Hung Parliament: a foreign perspective

All right then, Britain has its first hung parliament for decades. Gordon Brown failed in his last-minute attempts to convince Britons, Dave Cameron’s party got bailed out by Nick Clegg’s Liberal Democrats and on May 12th all the doubts and worries of last week seemed sorted. Nick Clegg decided to compromise with the Tories, possibly sacrificing some of those values which in paper seemed so antithetical, and did so in the name of the country’s desperate need of stability at home and abroad.

And now for something completely different: there are roughly 6000 foreign students in this campus. I myself am one of the 6000 people who on May 6th did not queue outside Ramphal. So half way through BBC election night special, after a few shots of coffee and a dozen cups of tea, I asked myself a very simple question: what am I doing?

Why should I care about what happens to Britain? What benefits do I get from knowing whether or not Clegg will lose his reputation, whether or not I will see Dave Cameron’s face in Number Ten until (and beyond) my graduation day? (for the record – I shut down my computer and went to bed a few minutes after that moment of enlightenment).

Anyways, there are a number of things pointing as to why I should, to say the least, pay some attention to the whole business. First of all, I am a foreign student living in this country. Its decisions, its major changes, will affect my life as much as anyone else’s. Second, coming from a seemingly democratic country, I should also be amazed at the workings of another democracy and show some enthusiasm to its people’s decision. But these are all simple points which can be dealt with quickly. Problems arise when you widen your spectrum and start considering the political entanglements Britain is a part of.

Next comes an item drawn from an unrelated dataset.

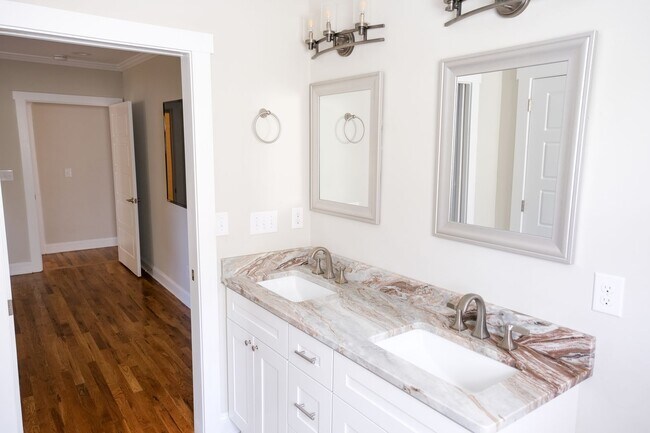 Building Photo - 3 Bedroom, 3 Bath House in Prime Augusta C...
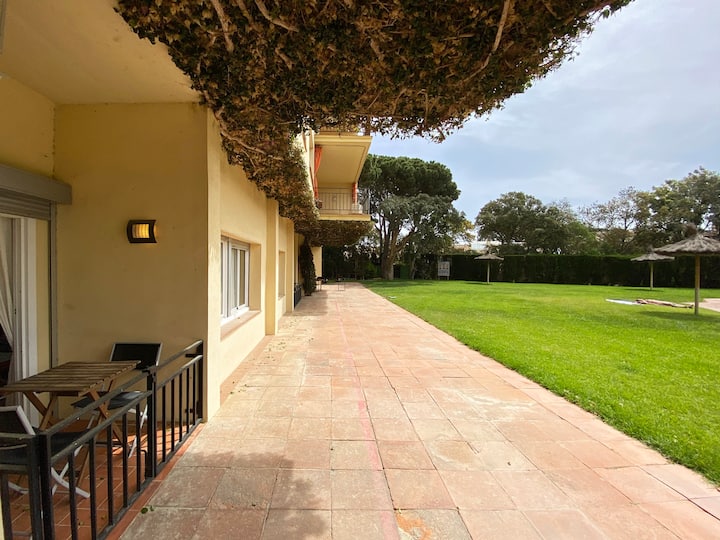 Fantástico Apartamento Con Piscina Comunitaria. - Palafrugell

Being European I always regarded the EU as an Eden-like place where people from Latvia to Portugal could come around, sit down and discuss how amazing the continent is and how bright the future looks for the next generations. Events in Athens now point at radically different scenarios. Not only do we seem to have lost that sense of “Europeness” which should glue us together and lead us to our common aim of fraternity – we also seem to have lost faith in our currency, our role in global politics and, ultimately, our raison d’être .

Okay, but where does Britain come into the picture? It is recent news that the UK shall not contribute to the € 750 billion bill to bail out Greece and give stability to the euro. Mr Brown, in his last days of his mandate, said he would not be willing to do so, and William Hague, UK’s future foreign minister, has already written to Mr Cameron his suggestions for UK-EU relations in the years to come. Mr Hague says he is firmly against any further step towards integration, and points that the elections results have changed the way the UK regards the EU.

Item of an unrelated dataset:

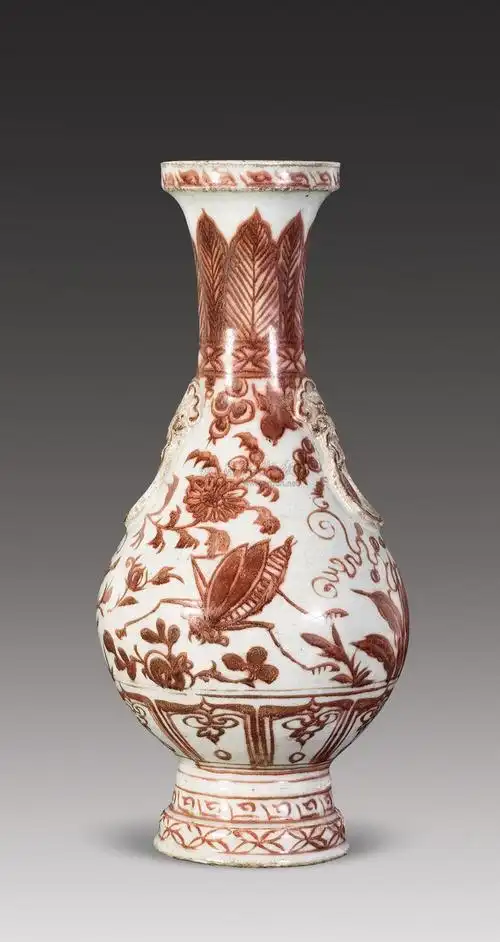 3204 元代 釉里红草虫纹双耳瓶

What does that mean? Quite simply, deal with your problems yourself. Should Britain return to its pre-WWI policy of splendid isolation, the EU would lose one of its biggest allies. If the EU’s aim, to quote France’s former president Mr Chirac, is that of providing a counter-pole to US might, then the Union would require every single one of its member, especially one as powerful as the UK.

Politics shapes my life as well as yours. This applies to those who voted and those who did not. Even to those who queued outside Ramphal and those who got up the next morning to people crying, laughing, cheering, and saw no good reason to care.